*Recorded data*:
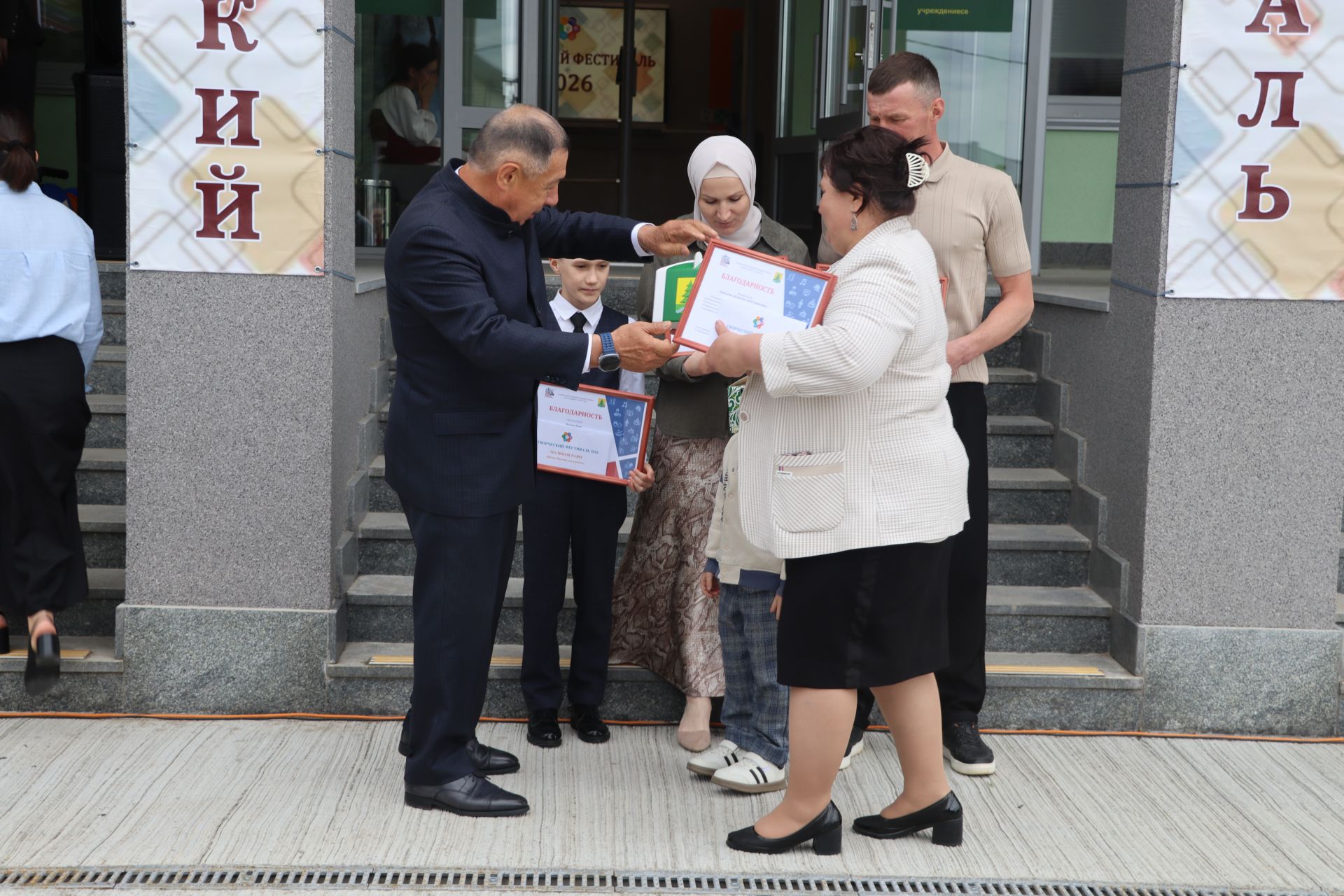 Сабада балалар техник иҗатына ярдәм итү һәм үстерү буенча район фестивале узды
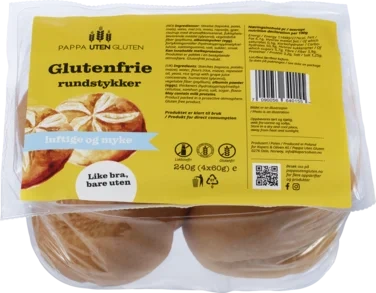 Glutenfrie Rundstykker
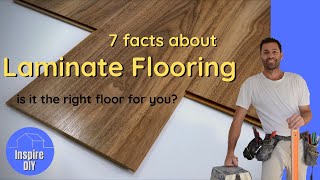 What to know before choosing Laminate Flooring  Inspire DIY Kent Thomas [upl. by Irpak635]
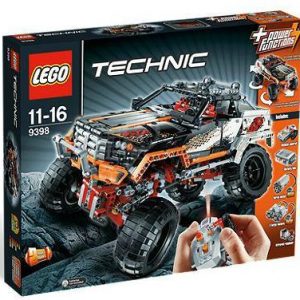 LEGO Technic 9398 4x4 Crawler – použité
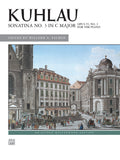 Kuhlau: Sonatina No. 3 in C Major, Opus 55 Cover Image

*Aim of the exercise*: Excluding the pictures, restate the records above word for word.

*Reply*:
 Сабада балалар техник иҗатына ярдәм итү һәм үстерү буенча район фестивале узды
 Glutenfrie Rundstykker
 What to know before choosing Laminate Flooring  Inspire DIY Kent Thomas [upl. by Irpak635]
 LEGO Technic 9398 4x4 Crawler – použité
 Kuhlau: Sonatina No. 3 in C Major, Opus 55 Cover Image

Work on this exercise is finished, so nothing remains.